Goldman Sachs Predicts U.S. Data Centers to Consume 66GW Electricity by 2027

Alina Collins
Published 2026-05-06About 6 min read

On May 5, 2026, Goldman Sachs' commodity team issued a research report stating that, driven by AI development, the actual electricity demand of US data centers will reach 66GW in 2027, accounting for 8.50% of the total peak electricity demand in the United States during the summer season.

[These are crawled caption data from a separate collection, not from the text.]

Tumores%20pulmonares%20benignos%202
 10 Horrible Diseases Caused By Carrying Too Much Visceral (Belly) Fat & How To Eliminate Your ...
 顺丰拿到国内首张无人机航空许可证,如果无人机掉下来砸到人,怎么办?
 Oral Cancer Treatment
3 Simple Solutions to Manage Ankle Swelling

Based on the data from the third-party institution Aterio, Goldman Sachs calculated that the planned installed capacity of US data centers in 2026 and 2027 will reach 19GW and 69GW, respectively. Considering factors such as developers' multi-location strategy, supply chain bottlenecks, and labor shortages, Goldman Sachs discounted the planned capacity. After adjustment, it is expected that the actual new capacity in 2026 will be 13.6GW, and in 2027 it will be 36GW. Based on the historical average capacity utilization rate of 70.00%, the actual effective electricity demand in 2027 will be 66GW.

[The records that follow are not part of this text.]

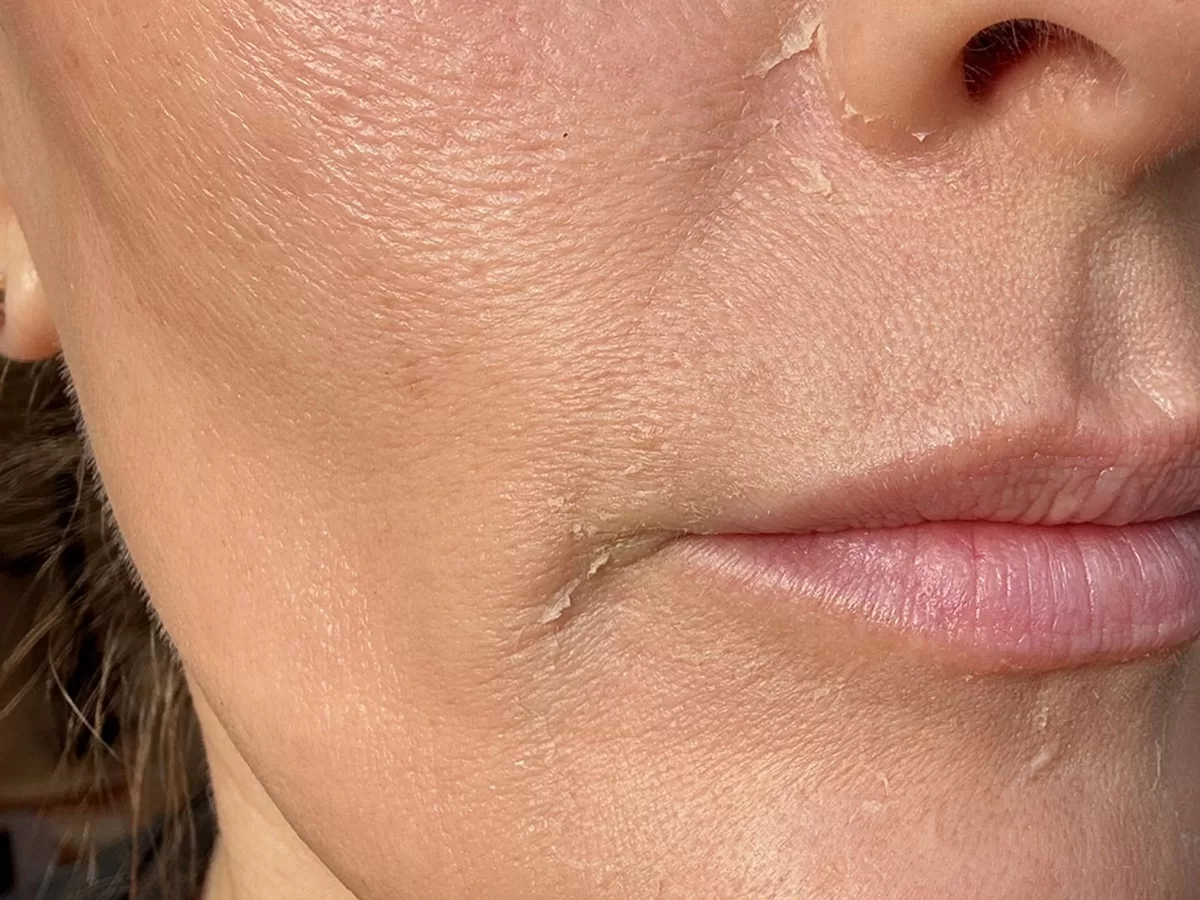 Cell turnover on face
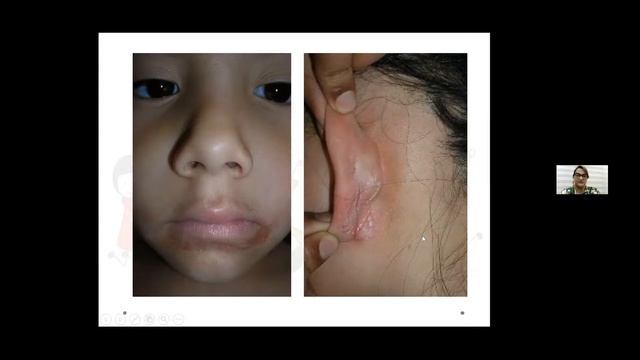 Dermatitis Atópica mas allá del tratamiento farmacológico смотреть онлайн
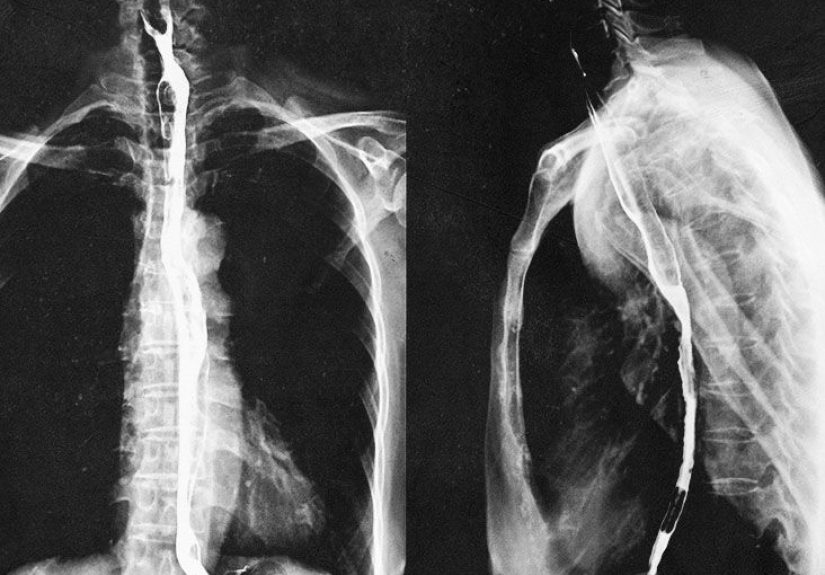 GERD and asthma: Link, symptoms, treatment, and more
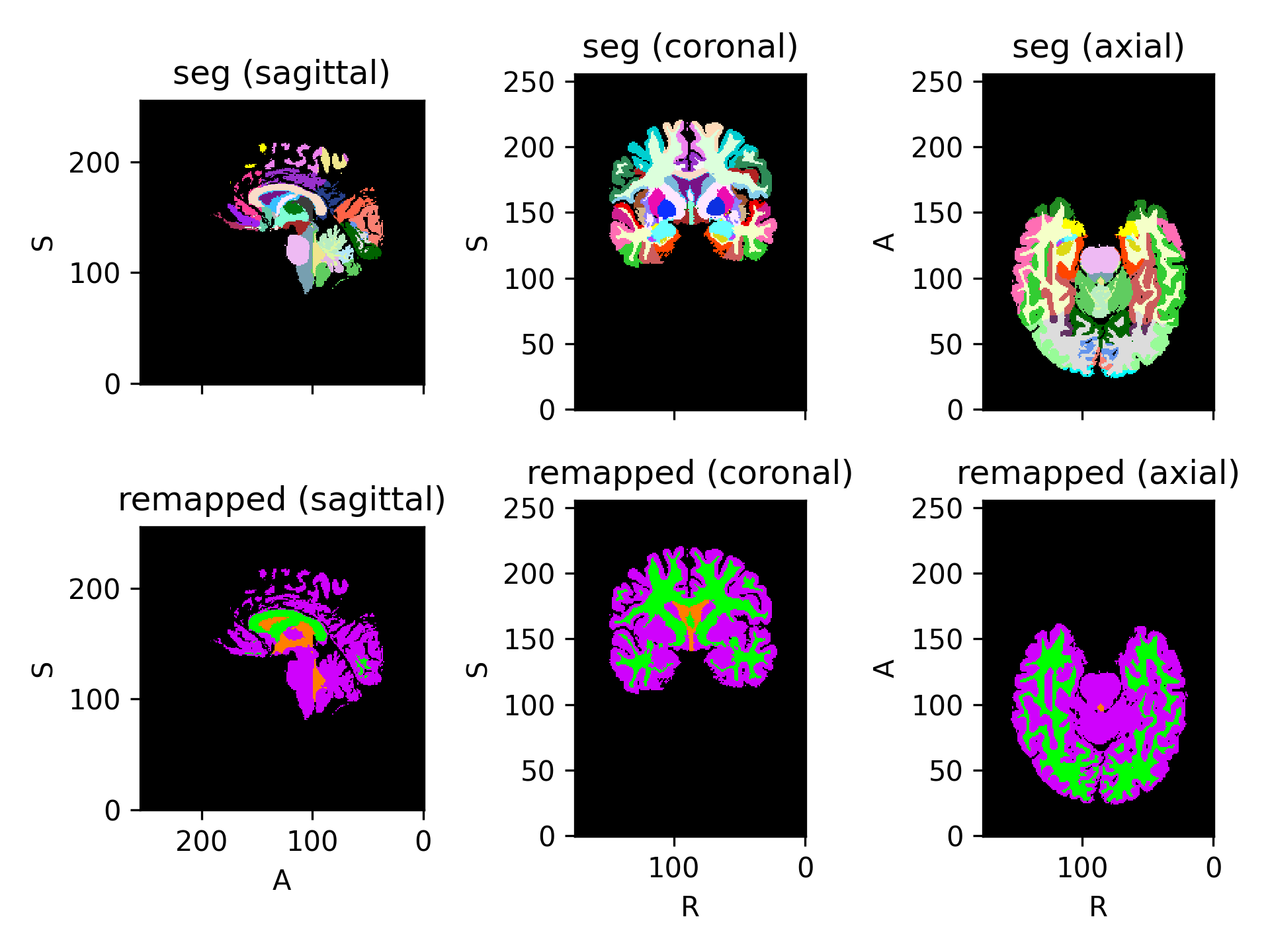 ../_images/preprocessing-5.png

This forecast is higher than the US Department of Energy's forecast range of 30 to 55GW. Goldman Sachs pointed out that data center locations are shifting towards regions with abundant electricity. With the safety line of 15.00% for effective spare generation capacity in summer, the US power grid will differentiate. Regions such as the Mid-Atlantic (PJM) will see spare capacity drop below the red line, facing the risk of being refused to connect to the grid; places like Texas (ERCOT), due to the expansion of generation capacity, have a relatively relaxed supply and demand situation.

The commodity team at Goldman Sachs advises investors to adopt a regional hedging strategy, going long on the electricity prices in structurally scarce regions such as the Mid-Atlantic, while guarding against the risk of electricity price decline in regions like Texas due to rapid expansion of power generation.

Content is for reference only, not financial advice.